(Collected data entries)
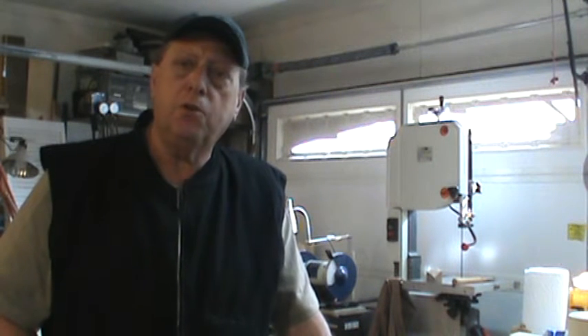Good morning and welcome to my shop. This is Jim here in Rock Springs, Wyoming. I have a confession to make — I'm a toolaholic. Like most woodworkers, I enjoy good tools. I enjoy collecting them, but more than anything else, I really enjoy using them.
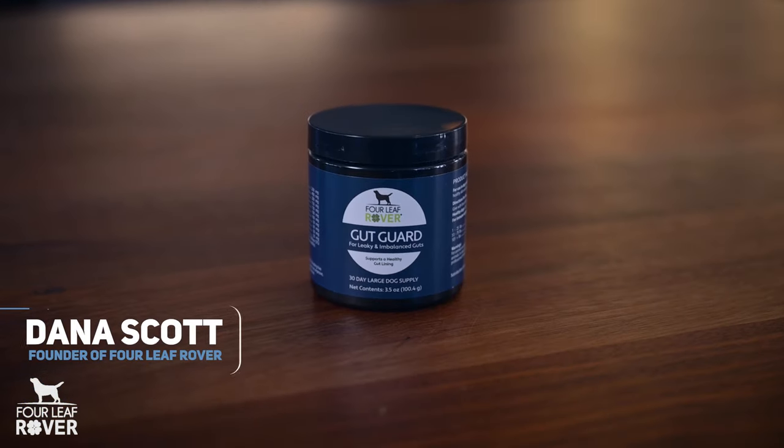Hi, I'm Dana Scott, and I'm the founder of Four Leaf Rover, and today I want to tell you about GutGuard. Leaky gut has become an epidemic in dogs.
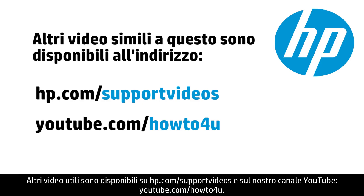You can find additional helpful videos at hp.com/support/videos and on our YouTube channel, youtube.com/howto4u.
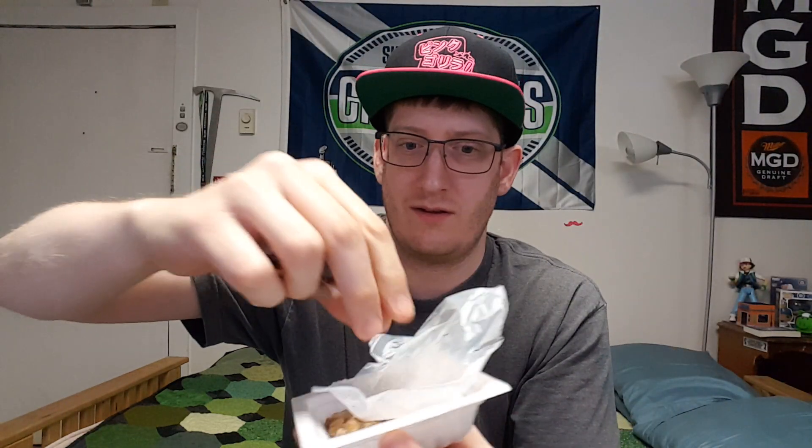The natto is then cooled and aged in the refrigerator for up to one week to help develop its signature stringiness. As you can see, this is the beans underneath a small layer of plastic — you can already see the stringiness there. It's like hot glue strings. It doesn't really smell terrible; if anything, it kind of smells like old coffee grounds to me. It does come with a soy sauce packet and a mustard packet.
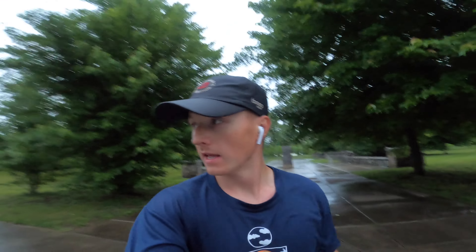Alright guys, we're about five miles in — about five miles into the run. I'm stopping here at the car because my shirt is drenched and it's pouring down rain. It's lightning up a little bit, but my shirt's rubbing me raw. We're about an hour and one minute into the run, about five miles.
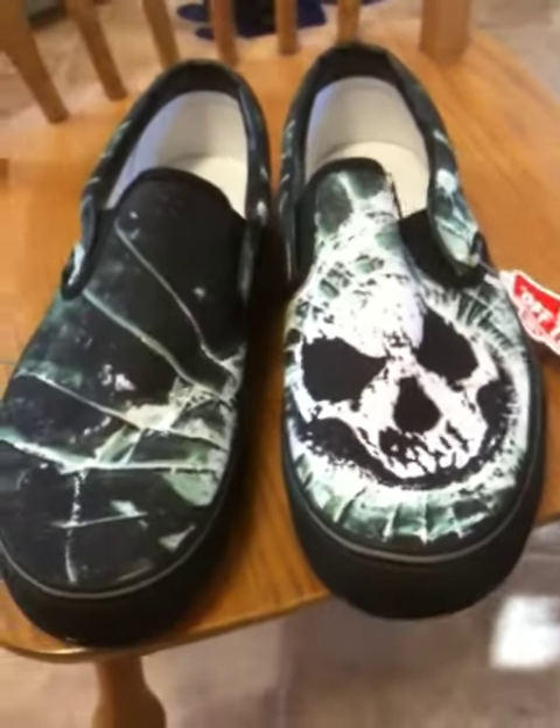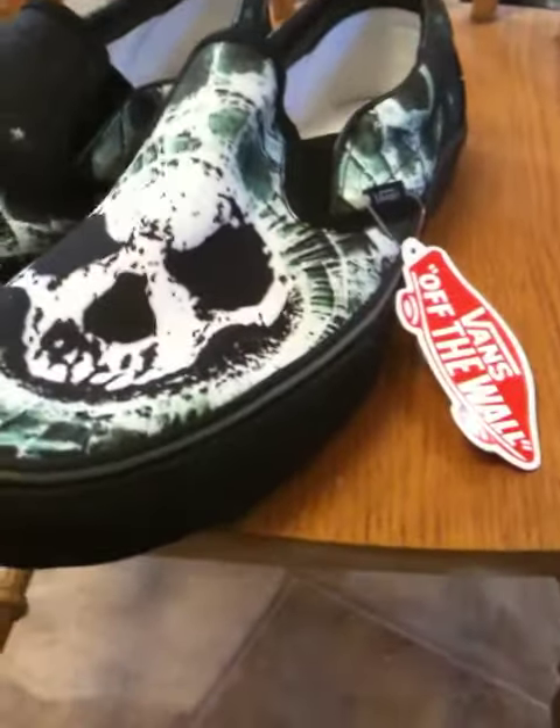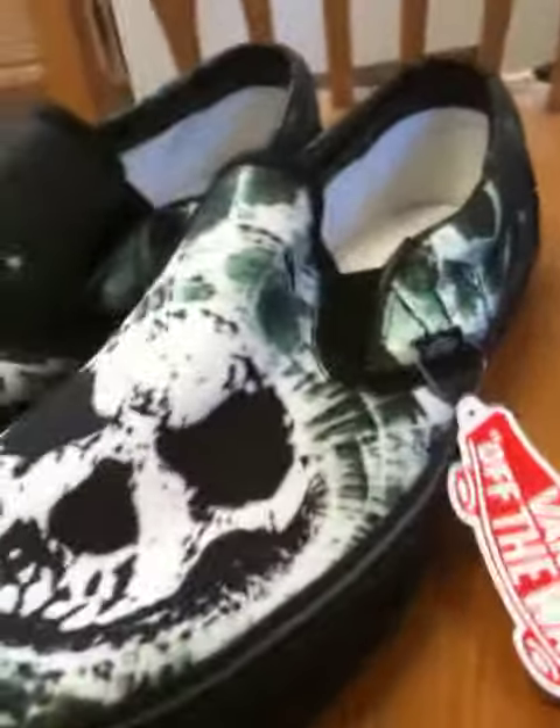Shoe number eight out of eleven is the Kill Switch Engage slip-ons. I'm still a slip-on fan by heart — kind of green and black, some neat details.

= What is expected =
Would you print, exactly as they appear, the lines from the line with "Alright guys, we're" through the end of the entries above, leaving out the pictures?

= Answer for this exercise =
Alright guys, we're about five miles in — about five miles into the run. I'm stopping here at the car because my shirt is drenched and it's pouring down rain. It's lightning up a little bit, but my shirt's rubbing me raw. We're about an hour and one minute into the run, about five miles.
Shoe number eight out of eleven is the Kill Switch Engage slip-ons. I'm still a slip-on fan by heart — kind of green and black, some neat details.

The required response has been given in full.